Locate "Stardrops – The" in the listing. Transcribe the line that contains it and every line that follows, through the last, omitting all pictures.

**DATA SHOWN**
********
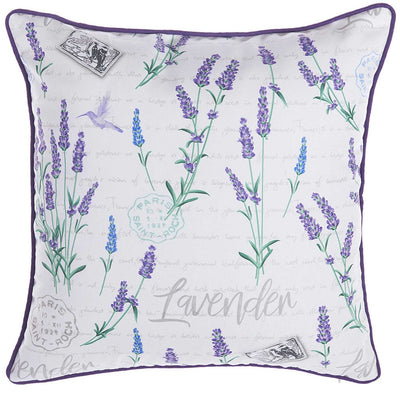 White and Lavender French Postcard Throw Pillow Cover
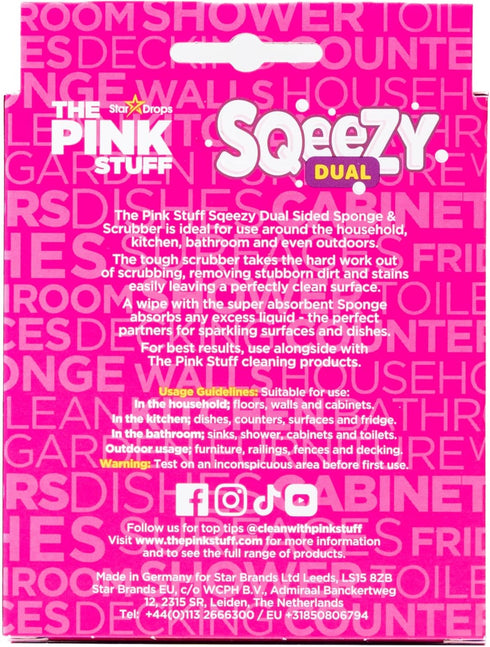 Stardrops – The Pink Stuff – SQeeZY Miracle Dual Sided Scrubber Sponge, Scratch Free for Ultimate Home Cleaning, 3-Pack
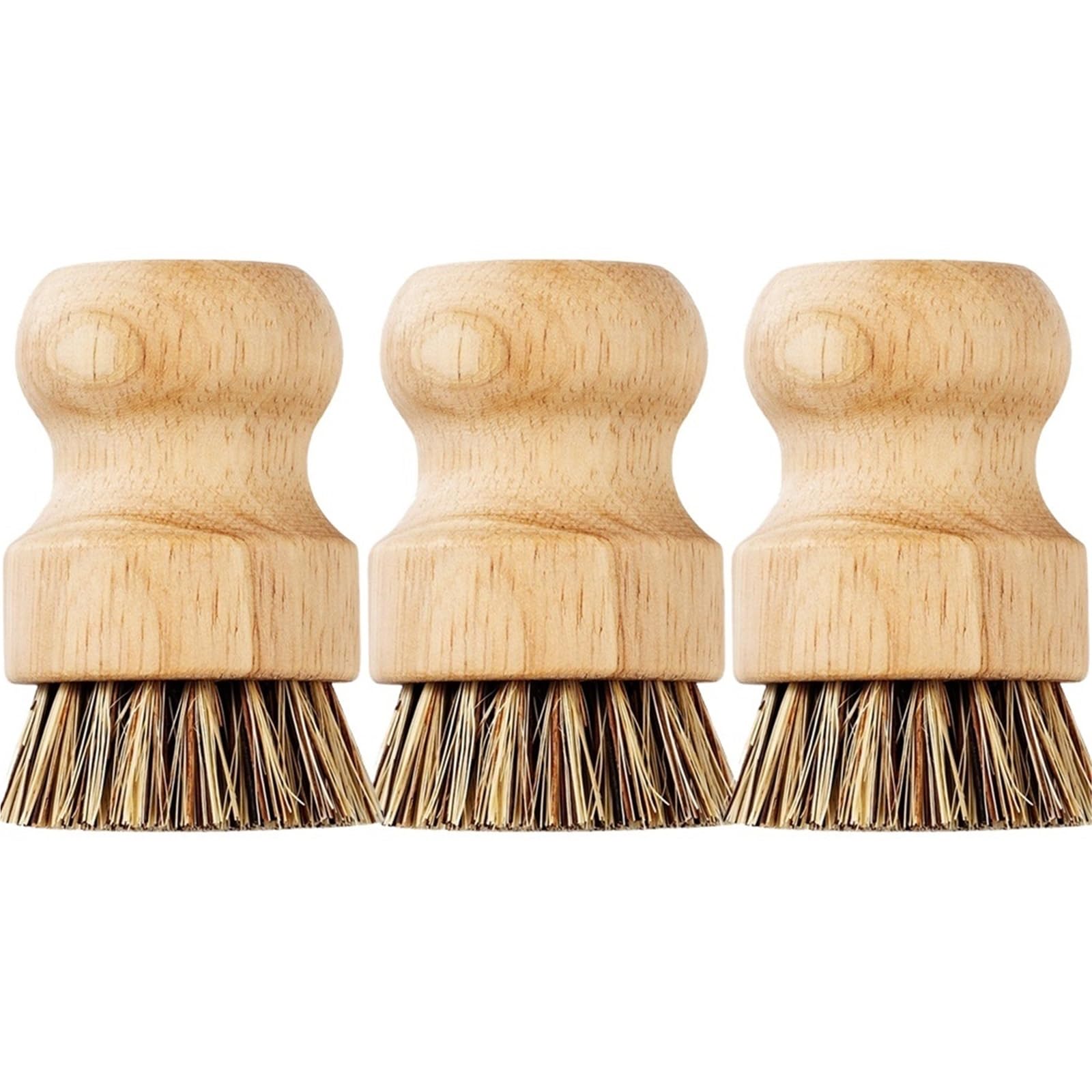 Wooden Dish Scrubber Brush For Kitchen Cleaning Lightweight Short Handle Household Scrub for Dishes, Pots(3PCS)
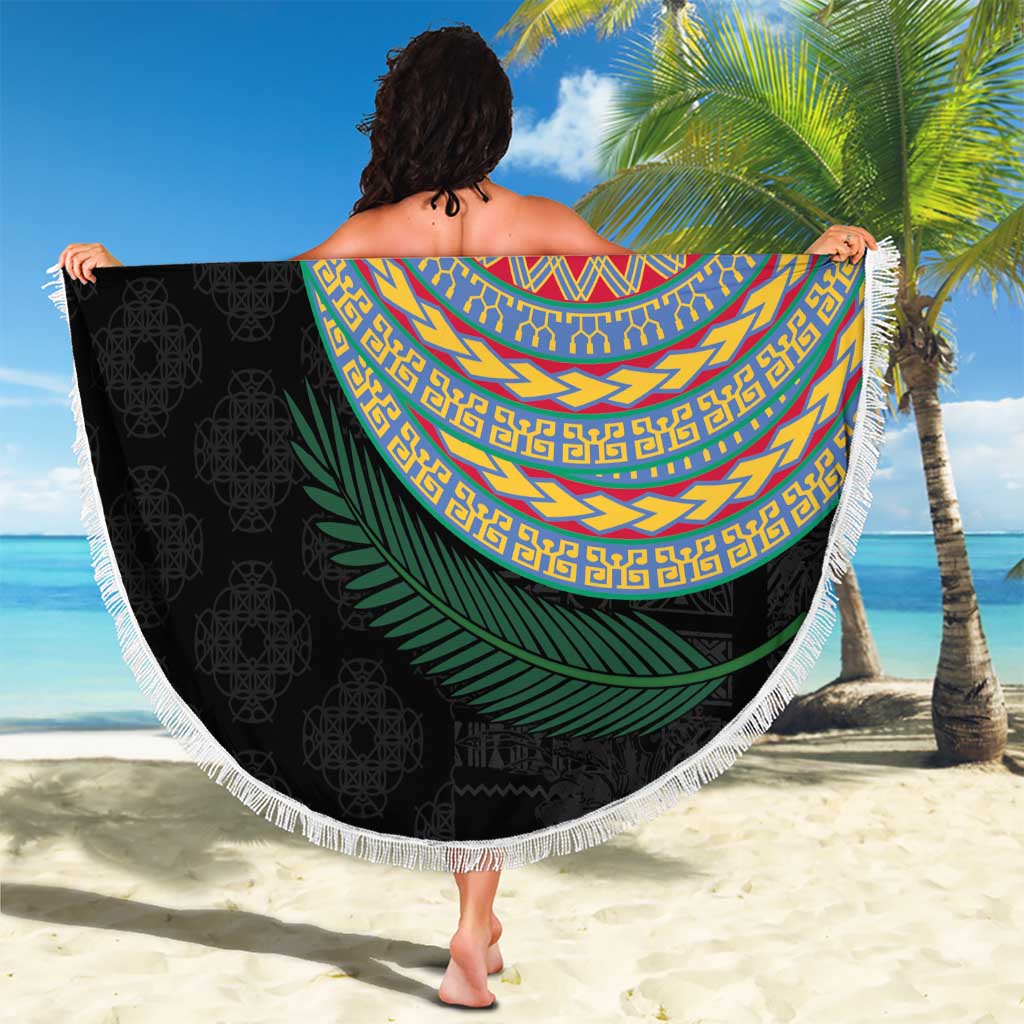 Shefa Tribal Tattoo with Namele Leaves Beach Blanket LT03 - Polynesian Pride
********
**PROBLEM SOLUTION**
 Stardrops – The Pink Stuff – SQeeZY Miracle Dual Sided Scrubber Sponge, Scratch Free for Ultimate Home Cleaning, 3-Pack
 Wooden Dish Scrubber Brush For Kitchen Cleaning Lightweight Short Handle Household Scrub for Dishes, Pots(3PCS)
 Shefa Tribal Tattoo with Namele Leaves Beach Blanket LT03 - Polynesian Pride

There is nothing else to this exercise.